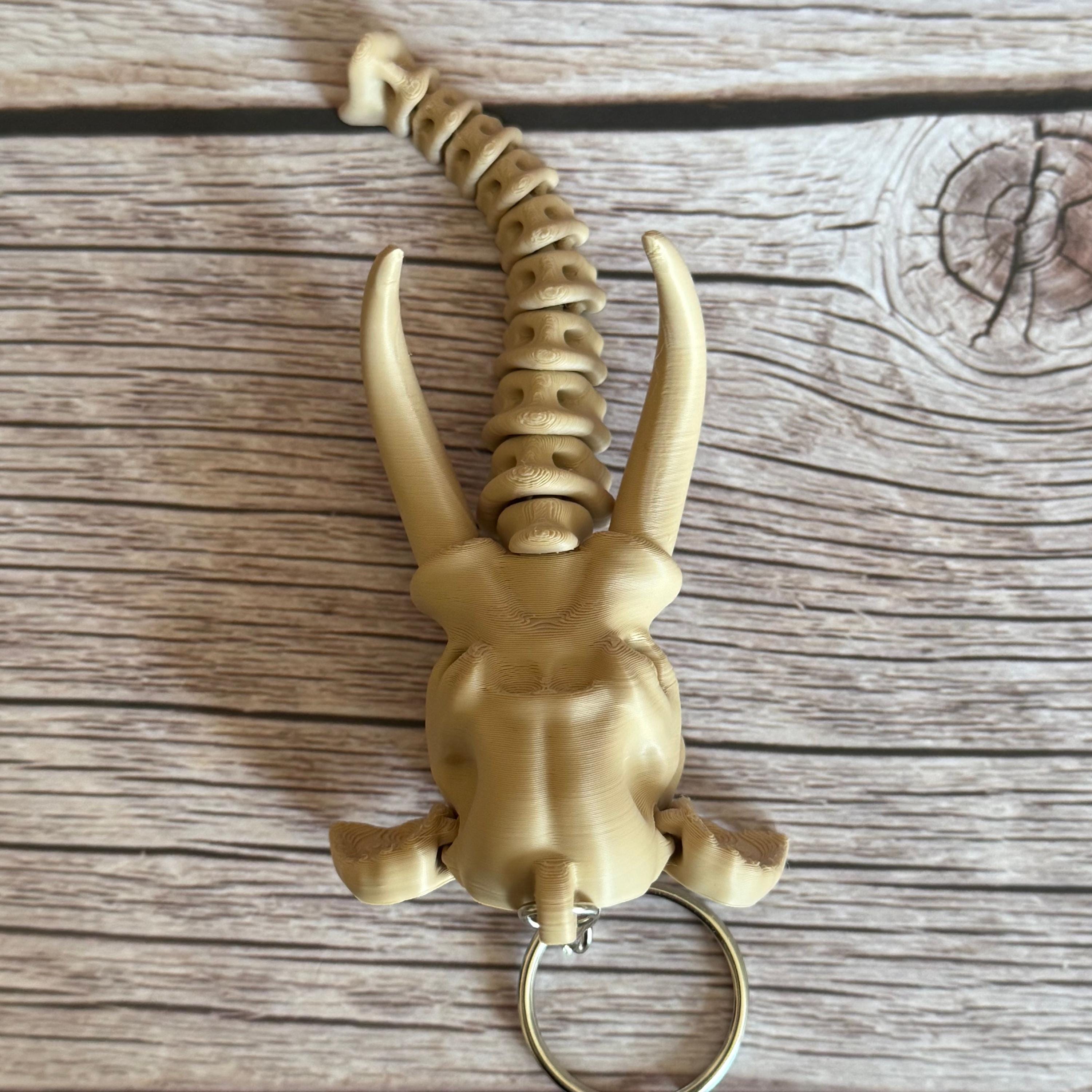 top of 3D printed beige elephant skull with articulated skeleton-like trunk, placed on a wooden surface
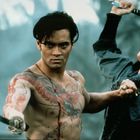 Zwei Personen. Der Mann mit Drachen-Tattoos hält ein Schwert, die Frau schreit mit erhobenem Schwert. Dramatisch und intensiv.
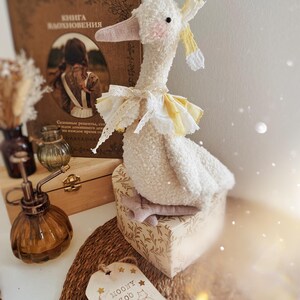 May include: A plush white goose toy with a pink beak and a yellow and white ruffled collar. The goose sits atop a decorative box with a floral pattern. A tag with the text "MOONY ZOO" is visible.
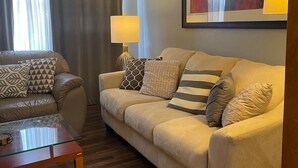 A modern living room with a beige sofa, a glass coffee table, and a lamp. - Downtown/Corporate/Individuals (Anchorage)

**Exercise goal:** Without the images, write out each line of the data verbatim.

**Answer space:**
 top of 3D printed beige elephant skull with articulated skeleton-like trunk, placed on a wooden surface
 Zwei Personen. Der Mann mit Drachen-Tattoos hält ein Schwert, die Frau schreit mit erhobenem Schwert. Dramatisch und intensiv.
 May include: A plush white goose toy with a pink beak and a yellow and white ruffled collar. The goose sits atop a decorative box with a floral pattern. A tag with the text "MOONY ZOO" is visible.
 A modern living room with a beige sofa, a glass coffee table, and a lamp. - Downtown/Corporate/Individuals (Anchorage)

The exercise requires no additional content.